MORRIS, Olive (1952–1979)
Plaque erected in 2024 by English Heritage at 121 Railton Road, Brixton, London, SE24 0LR, London Borough of Lambeth
All images © English Heritage
Profession
Activist
Category
Philanthropy and Reform
Inscription
OLIVE MORRIS 1952–1979 Anti-racist, feminist and housing rights activist lived here
Material
Ceramic
Olive Morris was an activist dedicated to speaking out on behalf of oppressed and exploited people. She is commemorated with a blue plaque at 121 Railton Road, Brixton, where she lived as a squatter and hosted study groups in the 1970s.
Activism and arrests
Olive Morris was born in Harewood, Jamaica, on 26 June 1952. In 1961, she and her brother moved to Lavender Hill in south London to join their parents and younger siblings.
In November 1969, aged 17, Morris was arrested in Brixton, bundled into a police van, beaten, racially abused, and held at Brixton Police Station for several hours.

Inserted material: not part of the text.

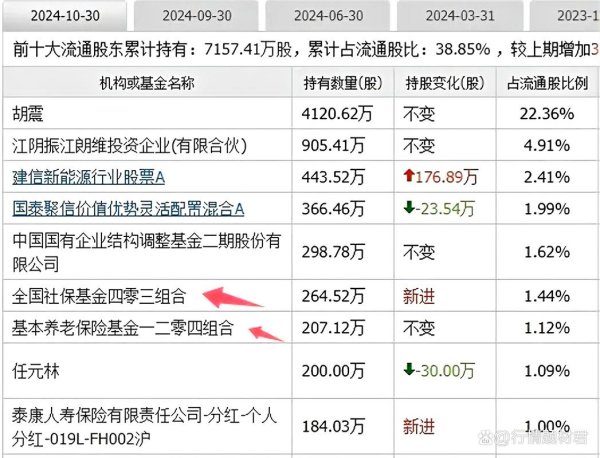 士電股票？2024投資佈局策略高股息+電動車〔法人分析〕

Witnessing and intervening at arrests was a community defence borne from years of police harassment, and Morris was part of a group who had gathered when Clement Gomwalk, First Secretary to the Nigerian High Commission, was handcuffed and taken away by police who had not acknowledged his diplomatic number plate.
Morris was charged with assaulting a police officer, which she denied, and sentenced to three months’ imprisonment, suspended for three years. Her mother denounced the prejudice of this conviction at the hearing and the suspension term was later reduced on appeal.
Around 1969, Morris joined the Youth Section and Sisters’ Collective of the British Black Panther movement, which was founded in 1968 to combat police brutality, and racial, immigrant and class discrimination.
Morris was a founding member of the Brixton Black Women’s Group (BBWG). Accounts vary as to its founding date, as the group had different formations, but in 1970 a study group was formed by women in the British Black Panther movement (including Morris), the Black Liberation Organisation and the Race Today Collective. The BBWG emerged from this, around the time that the British Black Panther movement was disbanding in 1973.
In October–November 1972, Morris was prosecuted with Darcus Howe and Abdul Macintosh after a protest outside the Old Bailey. They demanded and won the right to a fair representation of black people on the jury, and ‘the Old Bailey three’ were acquitted.
Squatting at 121 Railton Road
In the winter of 1972–3, Morris squatted with Liz Obi at 121 Railton Road. Squatting – moving into an empty property without the owner’s consent – provided a solution to the housing crisis in Brixton during this period, which was particularly hard for black people.
The three-storey end of terrace house was built around 1870, and by 1881 its ground floor was in use as a grocer's shop. By 1940, until the time it was squatted, it was a laundry. The entrance to the flats above is on the side return in Chaucer Road.
The 121 squat is widely seen as the first successful squatting of a private property in Lambeth. Morris and Obi survived several illegal eviction attempts, and it was almost certainly outside this address that Morris was photographed remonstrating with the police.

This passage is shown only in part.